Activity:
Write out the listing below in its entirety, minus the pictures, without changing a word.

[Opening Given entries section]

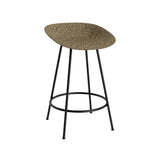 Mat Bar + Counter Stool: Steel + Counter + Seaweed + Black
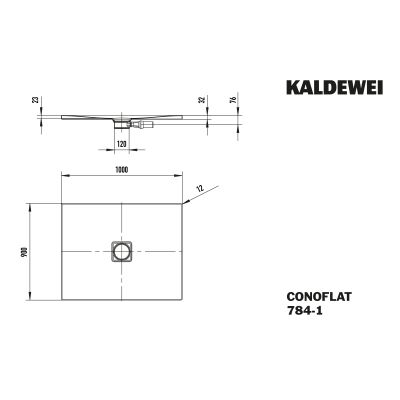 Kaldewei Conoflat brodzik 90x100 cm prostokątny model 784-1 biały 465400010001
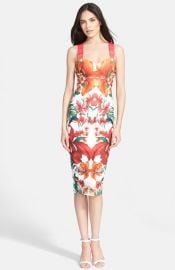 Ted Baker London and39Jameelaand39 Tropical Print Midi Dress at Nordstrom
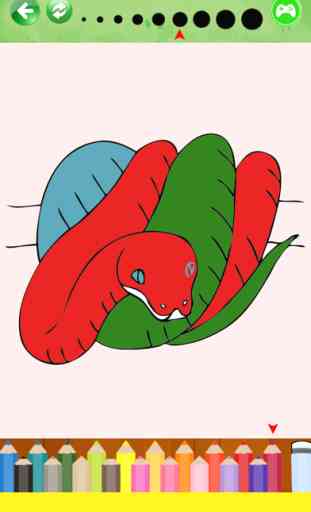 dessins de serpent livre à colorier pour les enfan 2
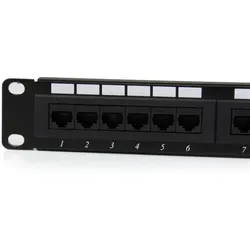 StarTech.com 24 Port 1U Rackmount Cat 6 110 Patch Panel Schwarz Ports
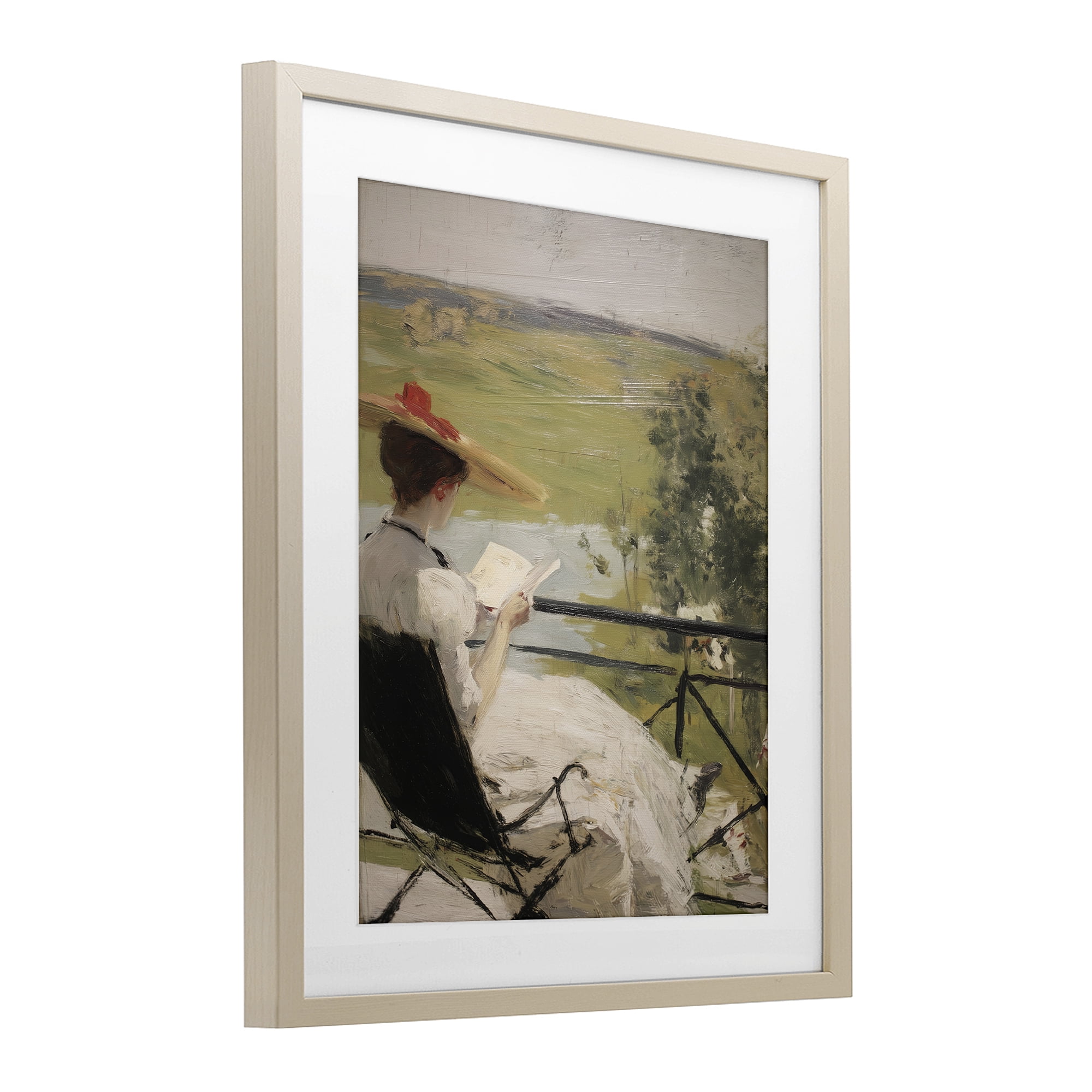 Stupell Industries In The Comfort Of Pages Birch Framed Print Under Glass, design by Svetlana Aleynikova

[Closing Given entries section]

Answer section:
 Mat Bar + Counter Stool: Steel + Counter + Seaweed + Black
 Kaldewei Conoflat brodzik 90x100 cm prostokątny model 784-1 biały 465400010001
 Ted Baker London and39Jameelaand39 Tropical Print Midi Dress at Nordstrom
 dessins de serpent livre à colorier pour les enfan 2
 StarTech.com 24 Port 1U Rackmount Cat 6 110 Patch Panel Schwarz Ports
 Stupell Industries In The Comfort Of Pages Birch Framed Print Under Glass, design by Svetlana Aleynikova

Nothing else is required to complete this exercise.